[DATASET EXCERPTS Boundary: Start]
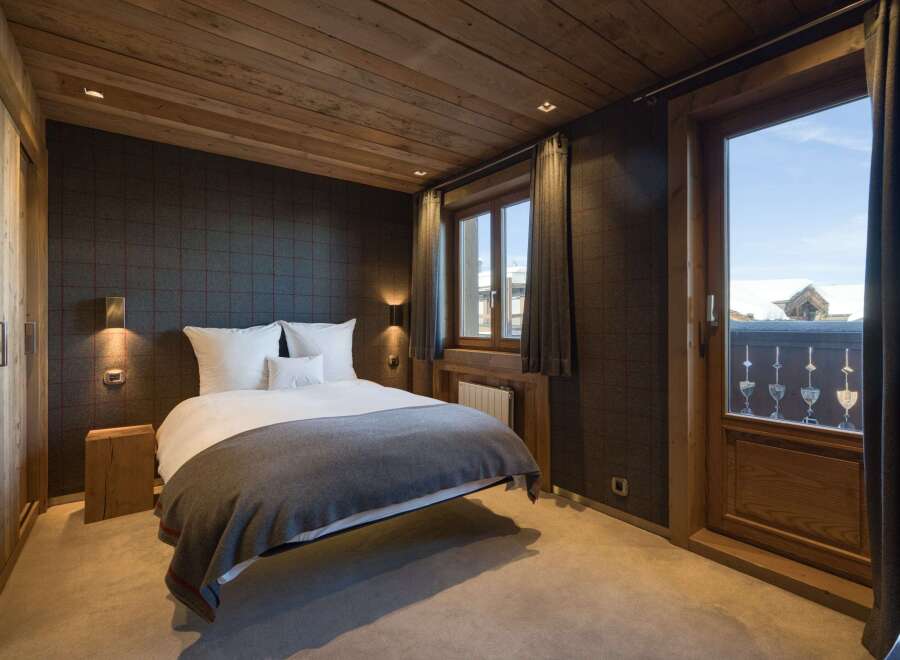 This cozy bedroom features a rustic wooden ceiling and walls, creating a warm and inviting atmosphere.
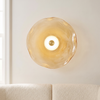 Glass plug in wall sconce, amber art glass, living room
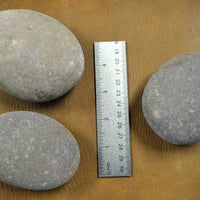 three larger hammerstone tools for percussion flintknapping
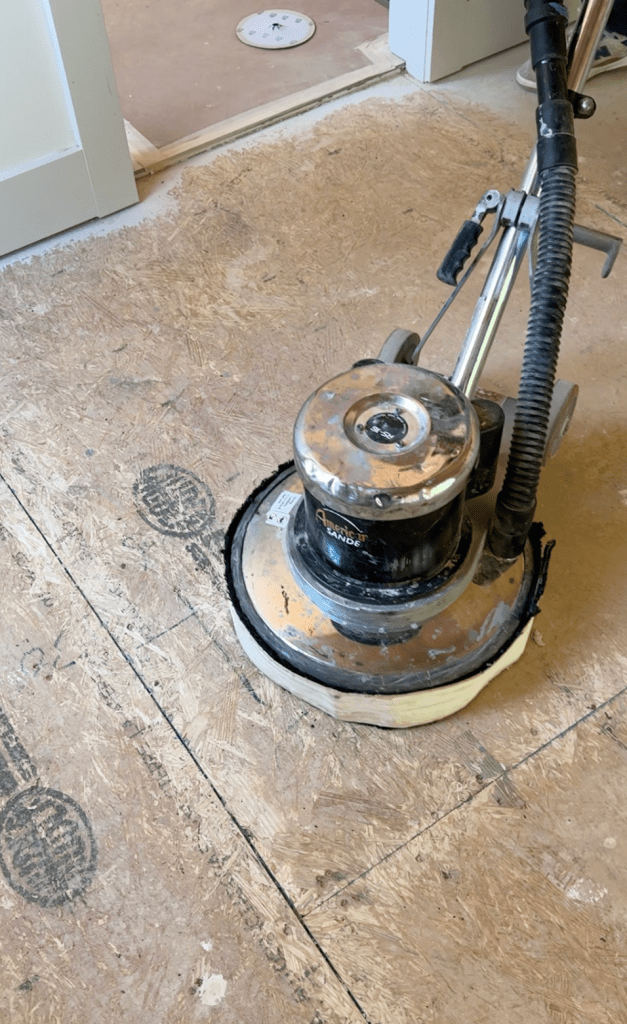 Rotary floor buffer on bare plywood subfloor during Canton, GA subfloor preparation, used to spot-sand high points and remove dried drywall compound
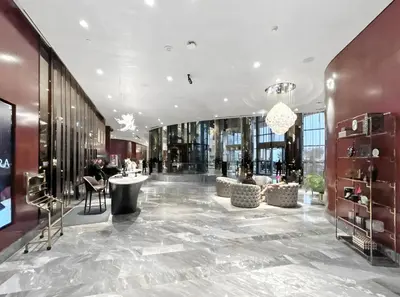 a lobby of a building with tables and chairs at BLVD - Luxury Stay with Burj Khalifa View in Dubai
[DATASET EXCERPTS Boundary: End]
WORK ITEM:
Copy each entry exactly, with no pictures.

SOLUTION TO THIS EXERCISE:
 This cozy bedroom features a rustic wooden ceiling and walls, creating a warm and inviting atmosphere.
 Glass plug in wall sconce, amber art glass, living room
 three larger hammerstone tools for percussion flintknapping
 Rotary floor buffer on bare plywood subfloor during Canton, GA subfloor preparation, used to spot-sand high points and remove dried drywall compound
 a lobby of a building with tables and chairs at BLVD - Luxury Stay with Burj Khalifa View in Dubai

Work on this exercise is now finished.